However, it is possible to specify custom constraints, as long as 
they are supported by a linear, quadratic or conic optimization
solver available from **ROI**.

When implementing new constraints it is important that the scaling
of the model matrix is considered.
There are two options to account for the scaling,   

1. turn off the internal scaling or
2. modify the constraints such that they are consistent with the internal scaling.

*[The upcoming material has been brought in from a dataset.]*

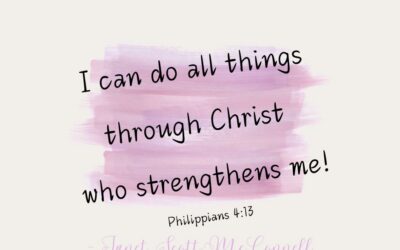 By His Grace & Strength You Can Do It!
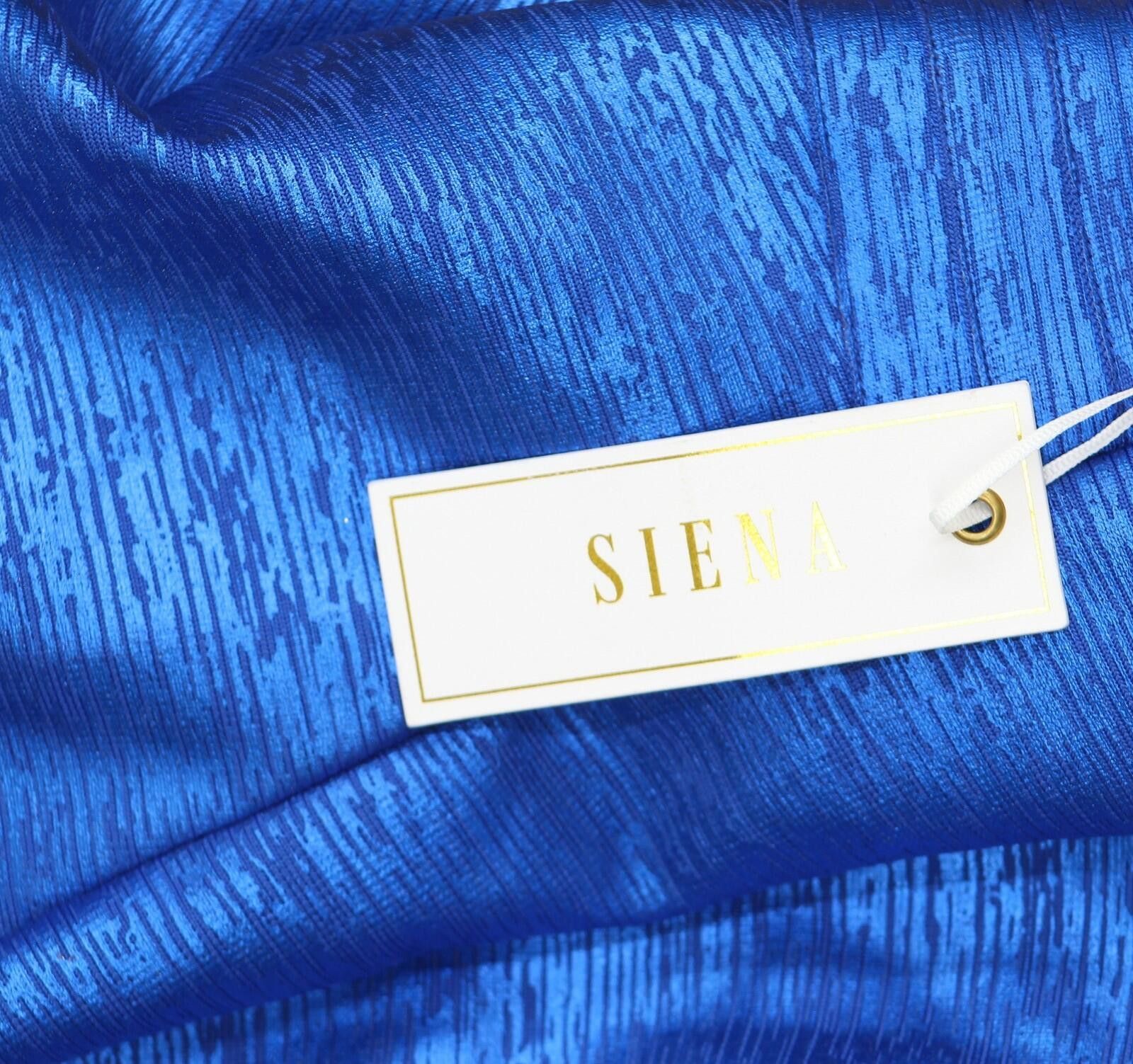 Signal Sport Nwt Siena Bandage Bodycon Knit Mini Dress Saphire Blue 14 Size XL / US 12-14 / IT 48-50 - 4 Thumbnail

In the following we show, how to implement a linear constraint
and custom conic constraint, with and without scaling.


## Without scaling
When adding custom constraints to the model, the scaling of the
model matrix has to be considered.
The main purpose of the scaling is to simplify the choice of
the big-M constraints. Therefore, if no sparsity constraint
is imposed on the model the easiest way to add additional
constraints is to turn off the scaling and add the constraints
to the model object. In the following example we show how
this can be accomplished for linear constraints.

### Linear constraint
The **holiglm** package allows to impose linear constraints on the
coefficients and the indicator variables of the coefficients via
the `linear()` function. However, to start with a simple example
we will add linear constraints to the model without using the `linear()`
function.

Let us assume we want to impose the constraint that the coefficients of 
variables `balance` and `income` are equal.
This can be easily accomplished by, 

1. obtaining the model object,
2. altering the model object and
3. fitting the altered model.


To obtain the model object, function `hglm()` with parameter
`dry_run` set to `TRUE` can be used.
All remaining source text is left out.